Après , un court silence chargé d'émotion, elle reprit, rageusement :
- Ma mère n'a pas supporté sa disparition, deux jours plus tard, elle avait foutu le camp. Ses placards étaient vides, son sac à main introuvable. J'ai attendu longtemps, espérant qu'elle allait revenir malgré tout, malgré notre relation tendue, malgré son chagrin... Elle ne l'a pas fait! Elle est partie sans même un regard en arrière.
Je ne dis mot, abasourdie. Je ne trouvai rien à dire face à tant de peine et de colère mélées, étonnée qu'elle se soit ainsi confiée.
Elle rompit le silence inconfortable, s'emportant :
"Mais pourquoi je te raconte tout ça? Je ne te connais même pas, je ne connais ni ton nom, ni ton visage..."
Je soufflai, en souriant, amusée de sa réaction vive :
"C'est parfois plus facile de se confier à un inconnu, il ne peut vous juger. Tout ce qu'on peut dire, n'aura pas d'impact sur le lien qui nous lie puisqu'il n'existait même pas avant. Nous n'avons rien à perdre, tout à gagner"
Je cru entendre un sourire et elle poursuivit :
-Je suis arrivée ici il y a un an à peine, je ne connais quasiment personne. Rien d'étonnant à cela, je passais, depuis le déménagement tout mon temps, à la maison avec mon père, sa santé se dégradant lentement. La formule "un être vous manque et tout est dépeuplé" n'a jamais eu autant de sens pour moi." ricana-t-elle.

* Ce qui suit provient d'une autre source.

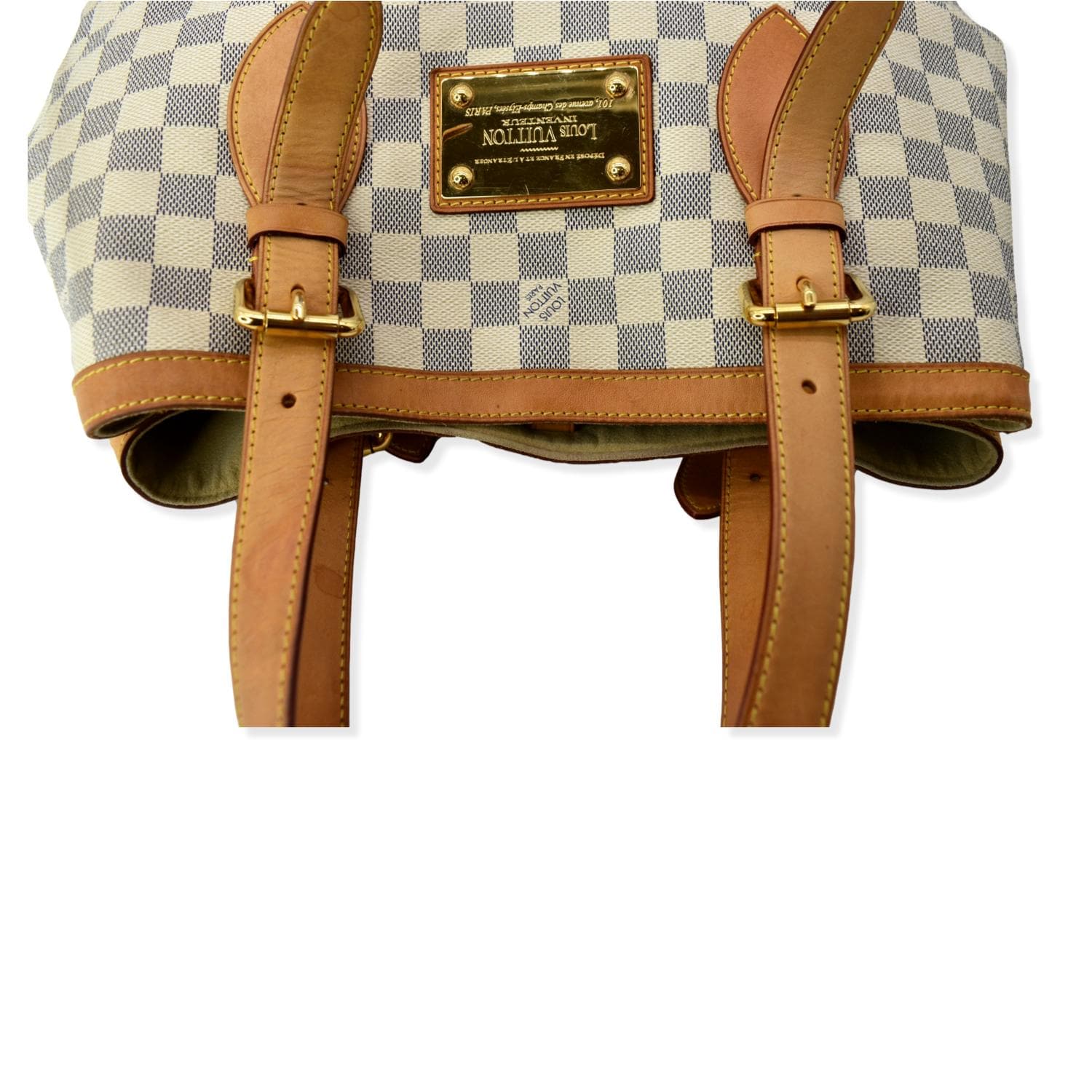 LOUIS VUITTON Hampstead MM Damier Azur Shoulder Bag White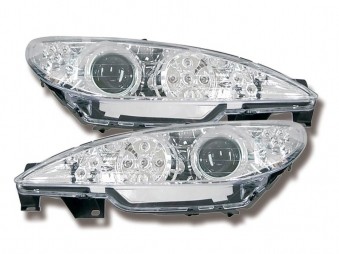 Phares Peugeot 206 98-05 Led DRL chrome
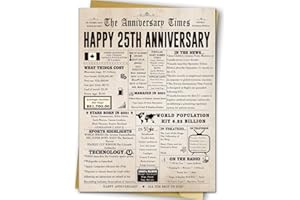 Jumbo 25th Anniversary Card for Husband Wife Couples, Big 25 Year Anniversary Card Gifts for Dad Mom Parents, Romantic Silver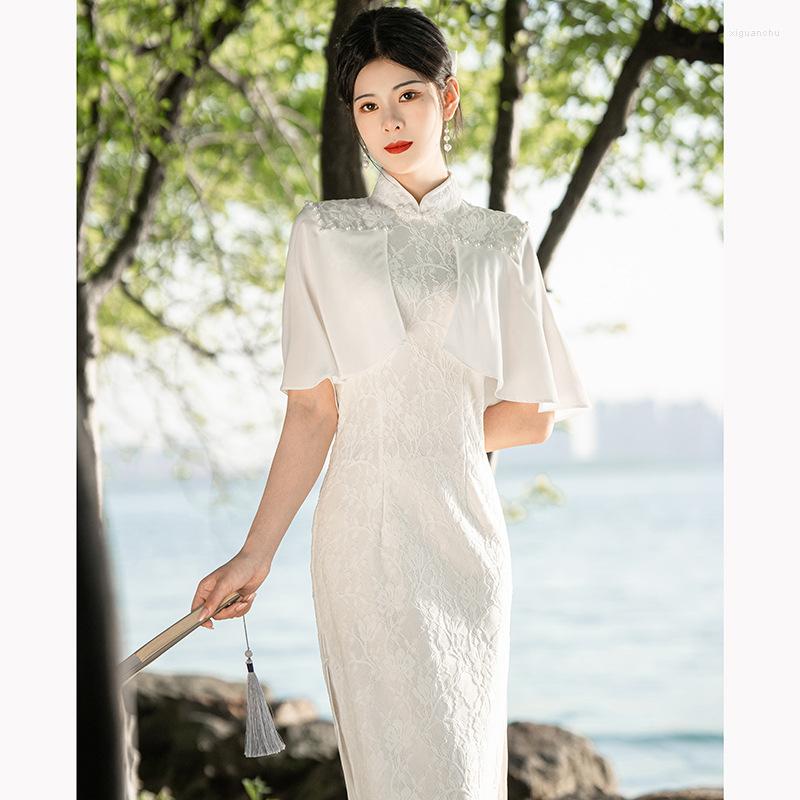 

Ethnic Clothing White Lace Cheongsam Chinese Style Young Girl Retro Temperament Slim Long Improved Version Of Dress Wholesale Summer 2023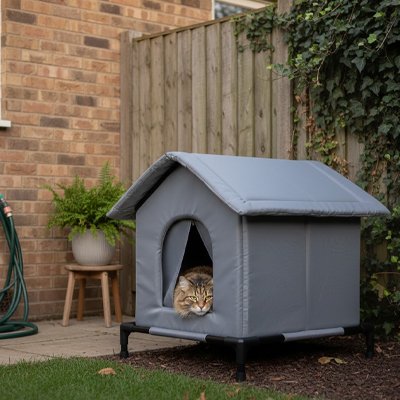 Maison chat jardin imperméable sur pieds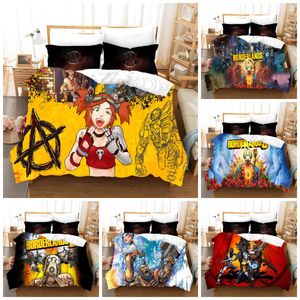 Borderlands Theme Anime Cartoon Duvet Cover with Pillowcase Polyester Skin-Friendly Breathable Fabric Kids Anime Comforter 3D Bedding Sets Bedroom Adornment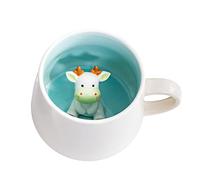 Biigming 3D Ceramic Coffee Mug Animal Inside Cup,12oz Cute Handmade Animal Figurine Ceramics Milk Cup,Christmas,Birthday,Mother's Day Gifts for Friends Family or Kids (Dragon)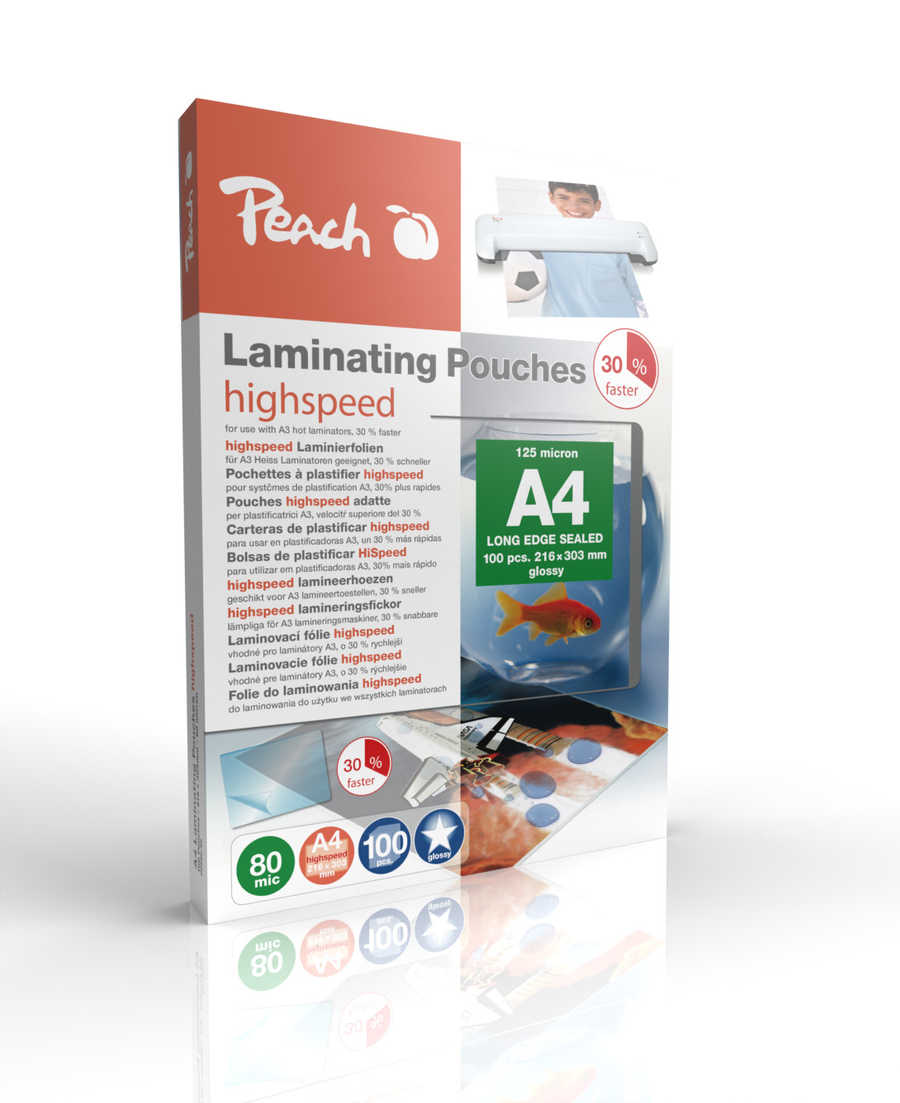 Peach HighSpeed Laminating Pouches A4, 80 mic, highspeed, PP58022, set of 100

Les mots sortirent tous seuls de ma bouche, sans que je n'ai pu les soupeser avant, ces mots qui contenaient tout ce dont elle avait besoin.
"Ton père t'aime quoi que tu fasses et je suis là maintenant, je vais t'aider!"
J'étais encore frappée par la sincérité de mes propos si spontanés, quand une tête blonde émergea de derrière la palissade. Ses yeux humides mais rieurs me scrutèrent sans retenue, un moment, me jaugeant. Elle me lanca alors, comme après une mûre réflexion :
"Lou!"
Je haussai les sourcils, sans comprendre. Elle ajouta en réponse à mon incompréhension :
"Si on doit devenir amies, ce ne serait pas mal que je connaisse ton nom aussi!"
Je ris, surprise par ce revirement de situation et hochai la tête. Elle était vraiment imprévisible, songeai-je.
"C'est juste "entamai-je "Tu peux m'appeller Alice!"
Elle s'assit à côté de moi, et commença à discourir sans pouvoir s'arrêter sur le cinéma, les romans, la musique,le théâtre... parlant ce langage universel de l'art et reprenant sans plus de cérémonie notre première conversation là, où je l'avais laissée.
Je la détaillai pendant son monologue. Ses fins cheveux blonds encadraient un pale visage, percé de deux yeux d'un bleu profond révélant de nombreuses nuances. Ses gestes trahissaient tout son enthousiasme, toute sa combativité. Je restai admirative devant tant de force de caractère, devant sa capacité à rebondir si vite, à aller de l'avant quoi qu'il lui en coûte. Cette fille était comme un torrent, capable de surmonter tous les obstacles qui se dressaient devant elle, impétueuse, brusque,vive.
Son caractère contrastait nettement avec le mien mais malgré tout, nous nous entendions à la perfection. Plus jamais, nous n'avons reparler de son père ou de sa mère. Je ne la forçai pas même si j'étais chatouillée par la curiosité, je respectai ses choix. Cela faisait déjà trois ans. Nous avions construit une amitié solide, faites de fou-rires, de partage et d'une compréhension tacite.
Lou venait de rater son bac. L'angoisse me rongeait le ventre, depuis que j'avais lu son court message. Les rattrapages étaient à sa portée, j'en étais certaine. Je l'avais assez fait travailler pour avoir cette conviction. Cela restait quand même un coup dur pour elle, elle allait avoir besoin de moi.